The main lesson was: it is better to slow down and maintain control of the company at all costs. When you lose control, you become the person in the photo, but you don’t make the decisions. It takes fame, but it doesn’t decide. It’s the worst of all worlds.

Another important lesson is timing. When I arrived, he was right. A year later, the company was already worth a billion dollars, but the timing had turned out wrong. Shortly after, the market turned. I also learned the importance of choosing partners and investors and knowing how to leave when there is an opportunity. Vanity and greed often make people miss the best moment to leave.

What motivated you to invest in the healthcare sector and create Superdash?

Health came from personal reflection. From the age of 54 to 55, I was coming out of the scooter cycle completely wrecked: shoulder pain, neck pain, artery plaque, pre-diabetes. I was a regular guy, but until page two.

I realized that my choices were not good. Health became a topic that made sense for me to dedicate myself to, because it could become a business or, if it didn’t, bring me a personal benefit. Unlike mobility, which is a race for market share, health is a long-term bet. You deal with human behavior, inconsistency, self-deception.

I also understood that the gap was not in the data. We already have data: exams, wearables. The gap was in the way people relate to their own lives on a daily basis. I started working with doctors who looked at health from the point of view of performance, not just exams, but sleep, strength, nutrition, mood, stress and relationships.

It was then that I understood that subjective perception is as important as objective data.

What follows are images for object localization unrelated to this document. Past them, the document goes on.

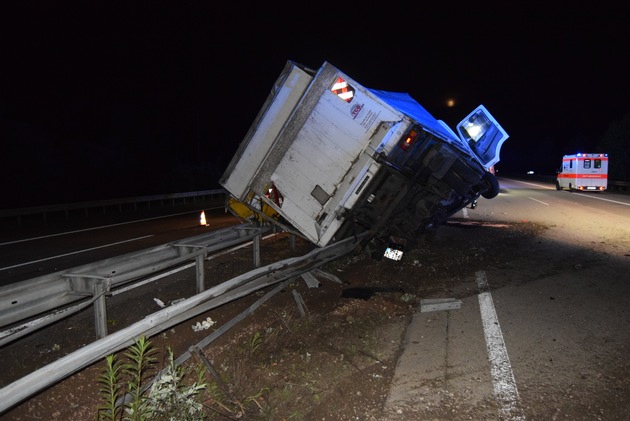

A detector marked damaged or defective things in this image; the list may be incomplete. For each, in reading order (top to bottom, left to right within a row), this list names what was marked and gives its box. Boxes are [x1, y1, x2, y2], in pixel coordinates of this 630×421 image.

overturned truck [220, 60, 512, 258]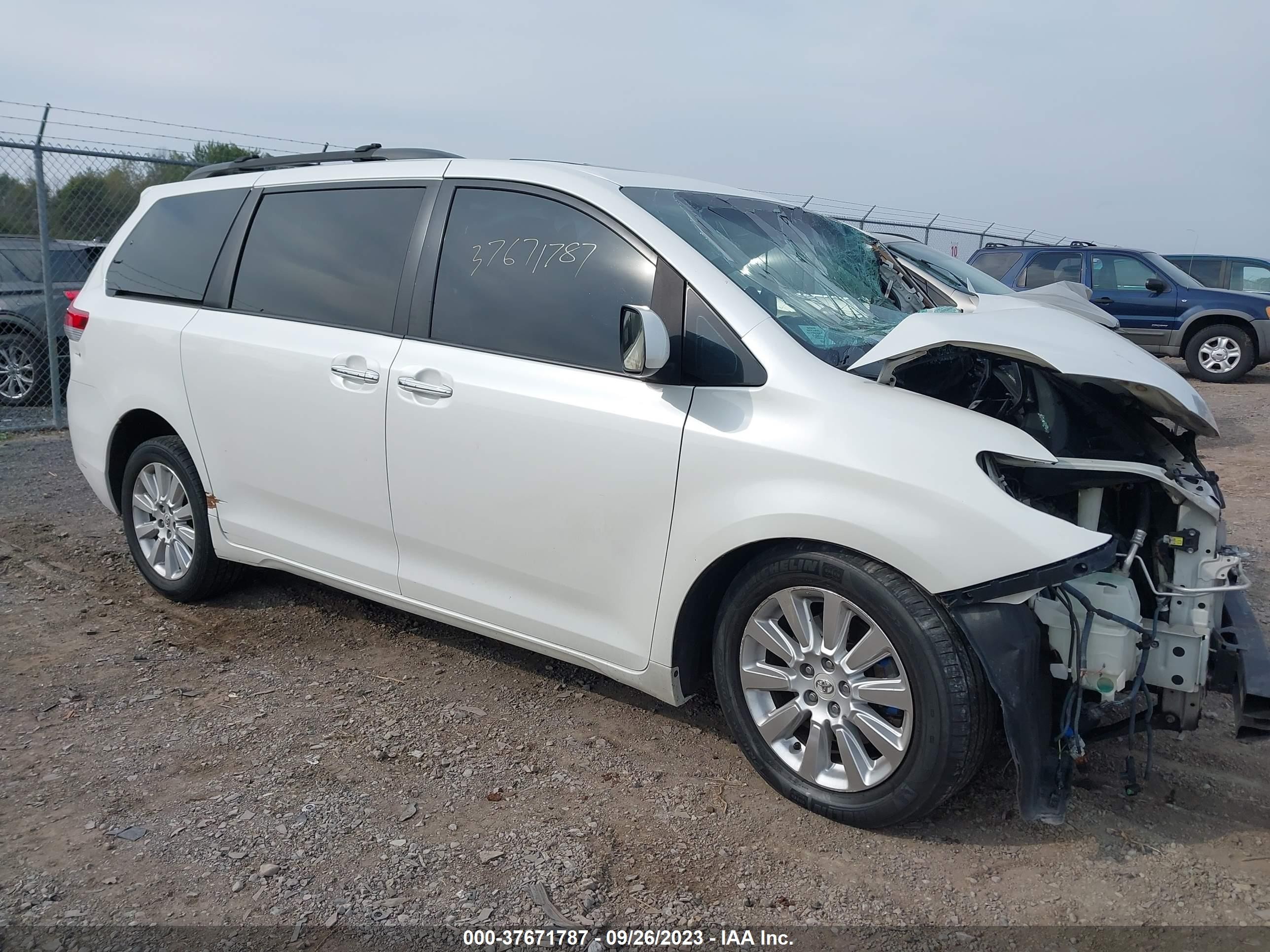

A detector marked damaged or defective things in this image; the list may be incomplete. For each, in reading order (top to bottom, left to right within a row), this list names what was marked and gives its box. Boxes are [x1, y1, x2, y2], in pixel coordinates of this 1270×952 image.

shattered windshield [623, 188, 923, 367]
crumpled hood [852, 307, 1223, 438]
severe front-end damage [852, 309, 1262, 824]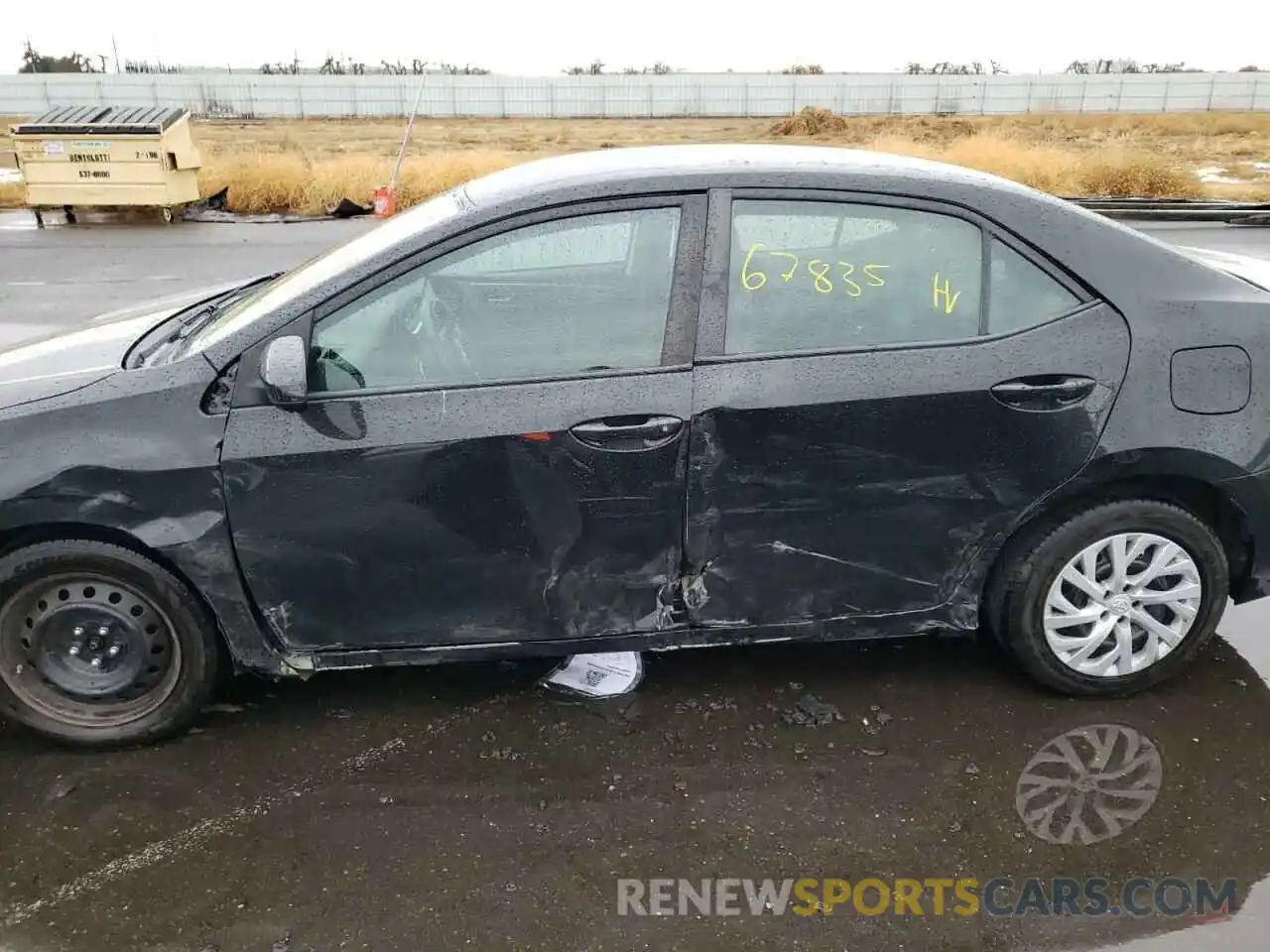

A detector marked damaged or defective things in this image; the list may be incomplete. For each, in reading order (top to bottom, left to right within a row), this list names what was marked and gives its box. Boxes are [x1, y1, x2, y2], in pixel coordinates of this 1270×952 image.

damaged black car [2, 145, 1270, 751]
dented rear door [686, 190, 1132, 629]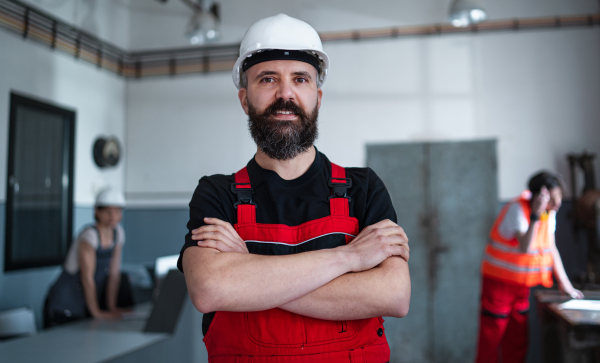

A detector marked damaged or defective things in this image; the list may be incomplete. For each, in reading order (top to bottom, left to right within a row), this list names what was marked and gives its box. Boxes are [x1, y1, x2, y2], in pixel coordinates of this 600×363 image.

rusty metal panel [366, 143, 432, 363]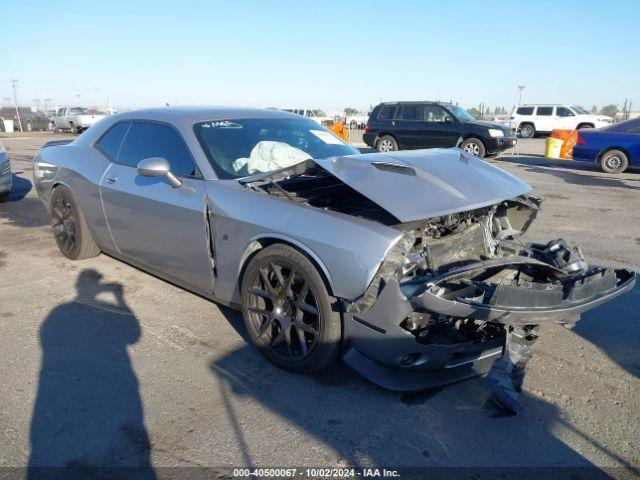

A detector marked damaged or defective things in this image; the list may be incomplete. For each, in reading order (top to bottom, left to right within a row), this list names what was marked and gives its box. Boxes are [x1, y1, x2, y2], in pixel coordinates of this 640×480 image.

damaged front end [342, 193, 632, 414]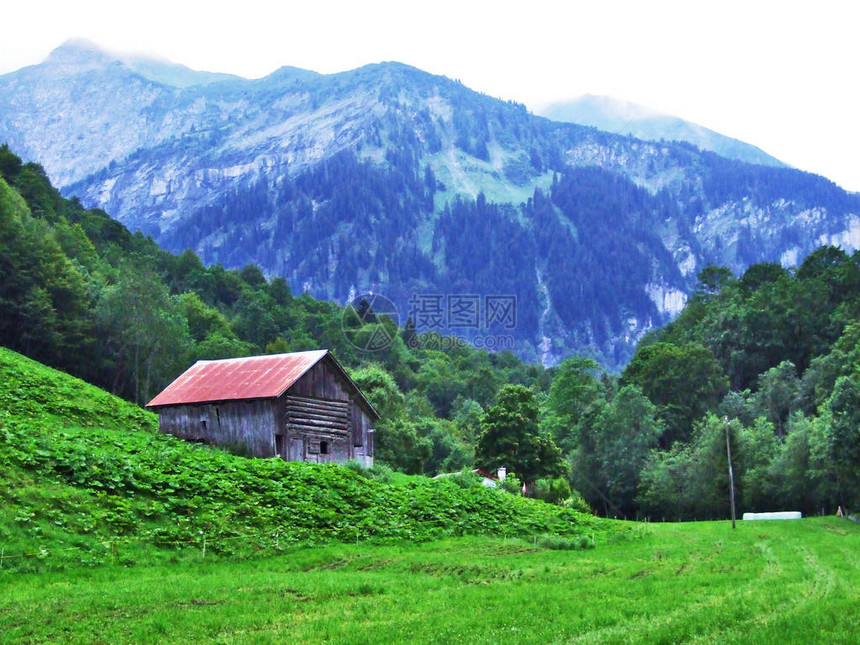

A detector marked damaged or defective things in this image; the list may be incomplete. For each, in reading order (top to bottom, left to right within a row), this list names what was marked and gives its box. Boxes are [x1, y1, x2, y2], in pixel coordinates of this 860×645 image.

red rusty metal roof [146, 350, 328, 406]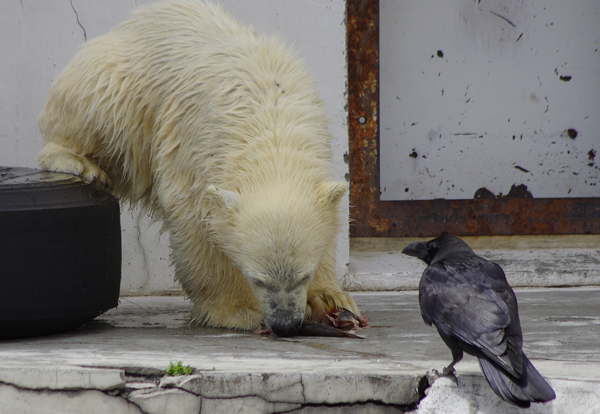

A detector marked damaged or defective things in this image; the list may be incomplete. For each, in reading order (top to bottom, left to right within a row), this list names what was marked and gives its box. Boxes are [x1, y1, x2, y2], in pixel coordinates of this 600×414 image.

rusty metal frame [344, 0, 600, 238]
rust stain [346, 0, 600, 236]
rusty metal door [346, 0, 600, 238]
peeling paint on wall [380, 0, 600, 201]
cracked concrete [1, 290, 600, 412]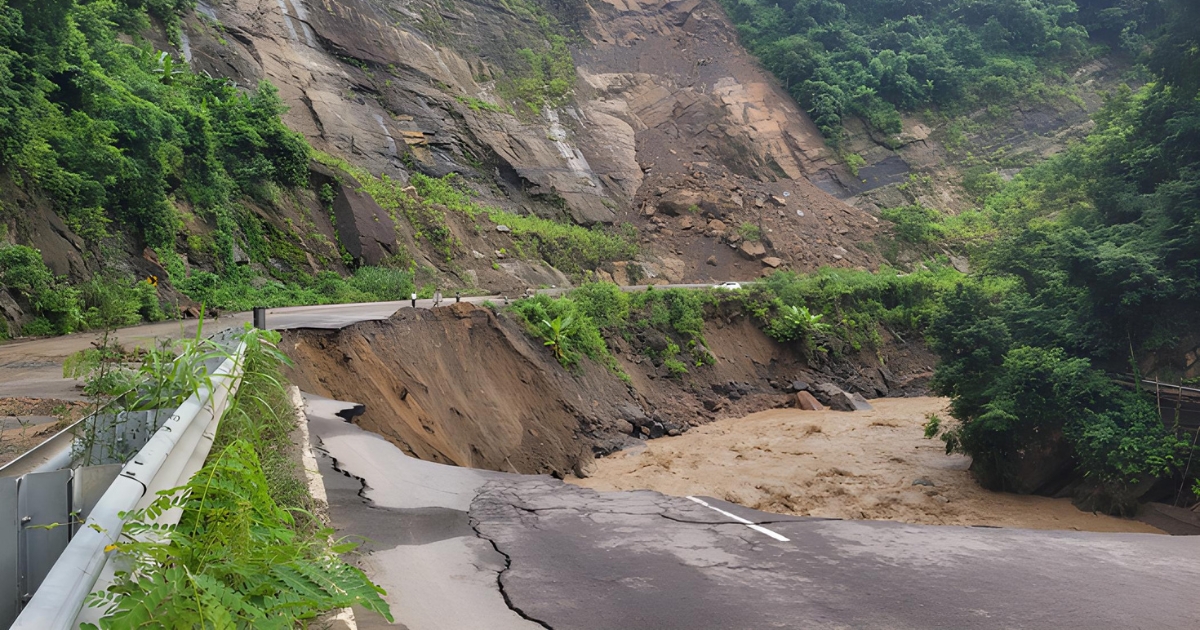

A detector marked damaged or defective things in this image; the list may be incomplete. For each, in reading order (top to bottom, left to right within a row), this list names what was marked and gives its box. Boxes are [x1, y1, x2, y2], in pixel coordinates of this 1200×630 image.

cracked asphalt [307, 396, 1200, 624]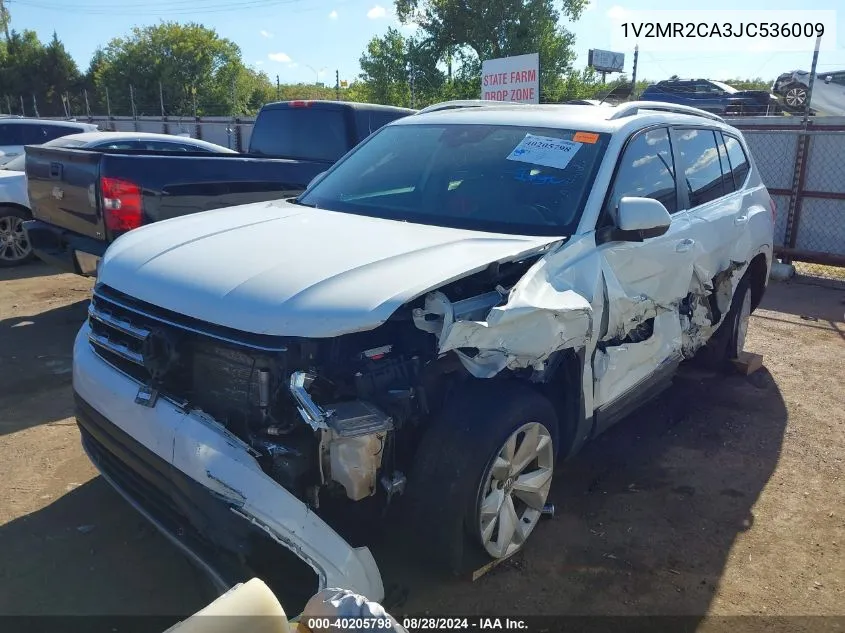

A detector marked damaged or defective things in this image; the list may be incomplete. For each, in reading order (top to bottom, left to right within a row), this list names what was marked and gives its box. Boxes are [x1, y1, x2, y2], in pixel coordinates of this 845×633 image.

damaged front bumper [71, 324, 384, 600]
damaged white suv [72, 101, 772, 600]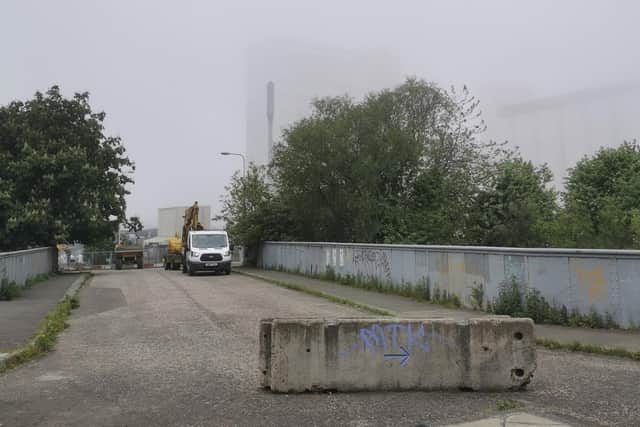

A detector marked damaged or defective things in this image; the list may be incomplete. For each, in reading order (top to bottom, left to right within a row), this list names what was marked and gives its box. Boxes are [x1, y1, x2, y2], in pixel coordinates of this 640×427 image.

cracked road surface [1, 272, 640, 426]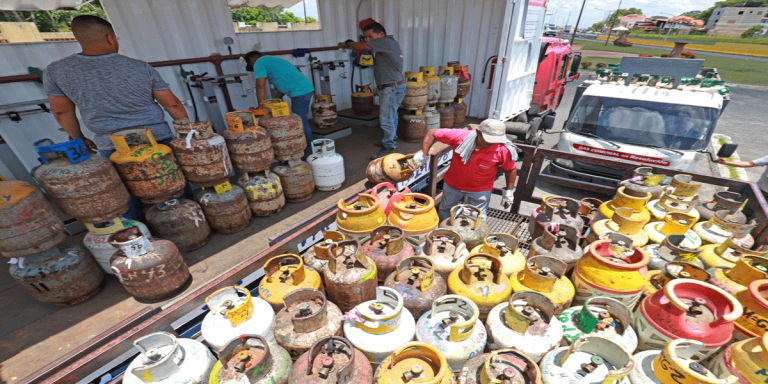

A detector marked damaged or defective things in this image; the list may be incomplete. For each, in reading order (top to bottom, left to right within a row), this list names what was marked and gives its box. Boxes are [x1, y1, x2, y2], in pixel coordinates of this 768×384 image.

rusty gas cylinder [0, 180, 65, 258]
rusty gas cylinder [33, 137, 128, 222]
rusty gas cylinder [109, 127, 187, 204]
rusty gas cylinder [109, 226, 190, 302]
rusty gas cylinder [144, 200, 208, 254]
rusty gas cylinder [171, 119, 234, 187]
rusty gas cylinder [194, 184, 250, 234]
rusty gas cylinder [222, 109, 272, 173]
rusty gas cylinder [237, 170, 284, 216]
rusty gas cylinder [272, 159, 316, 202]
rusty gas cylinder [322, 240, 376, 316]
rusty gas cylinder [360, 225, 414, 282]
rusty gas cylinder [384, 256, 450, 320]
rusty gas cylinder [272, 288, 340, 360]
rusty gas cylinder [288, 336, 372, 384]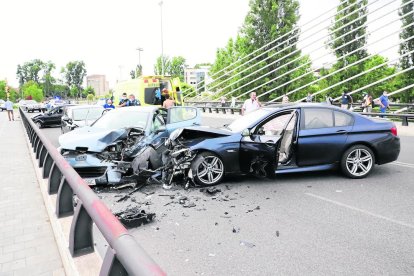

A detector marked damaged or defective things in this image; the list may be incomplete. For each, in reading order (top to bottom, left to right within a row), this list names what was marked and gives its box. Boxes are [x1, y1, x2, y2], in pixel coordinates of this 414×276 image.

crumpled car hood [57, 126, 127, 152]
black damaged sedan [166, 103, 402, 185]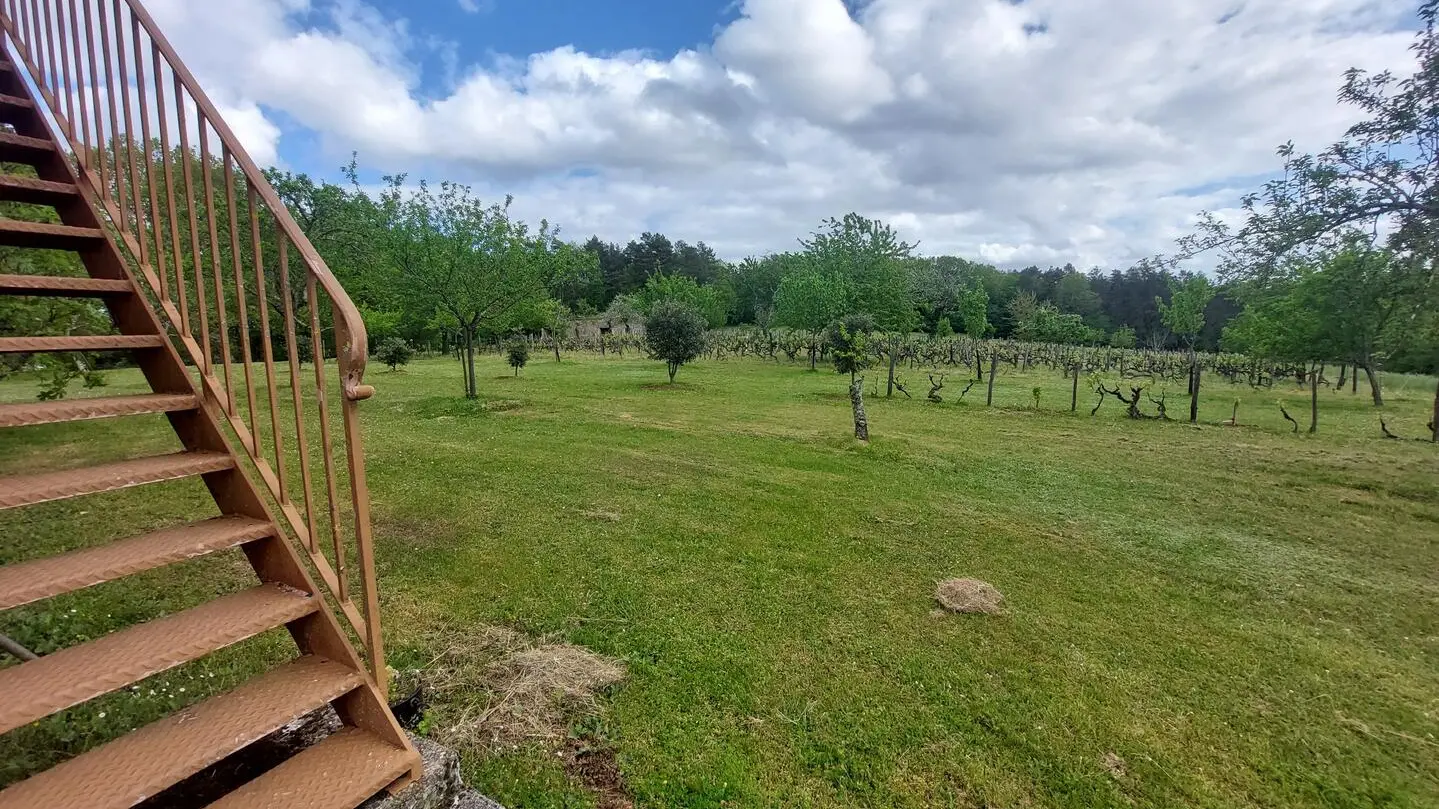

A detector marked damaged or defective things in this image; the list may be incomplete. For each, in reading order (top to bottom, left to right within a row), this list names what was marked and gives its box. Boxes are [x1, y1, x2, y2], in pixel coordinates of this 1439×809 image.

rusty metal staircase [0, 1, 422, 808]
rusted corten steel [0, 0, 424, 804]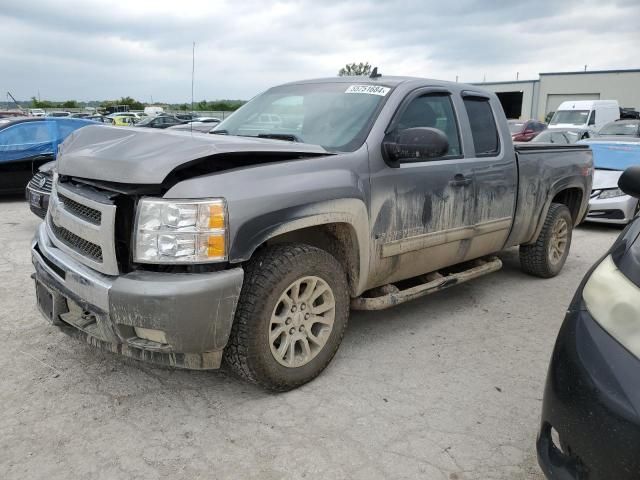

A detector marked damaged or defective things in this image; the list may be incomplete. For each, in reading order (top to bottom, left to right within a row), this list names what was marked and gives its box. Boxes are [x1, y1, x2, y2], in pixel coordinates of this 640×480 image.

crumpled hood [56, 124, 330, 184]
crumpled hood [592, 169, 624, 189]
damaged front bumper [31, 223, 244, 370]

I created a bot on WhatsApp to ask me every day how I was doing, with simple answers, from zero to ten. This created a daily moment of reflection.

Superdash doesn’t solve anything and doesn’t rule anyone. It shows everything. Shows patterns. And when you see your patterns, you act. Discipline cannot be a burden. Discipline is freedom. Sleeping better, eating better, training better gives you time, health and strength. This is freedom.

Looking at the ecosystem today, what catches your attention most about startups in Brazil?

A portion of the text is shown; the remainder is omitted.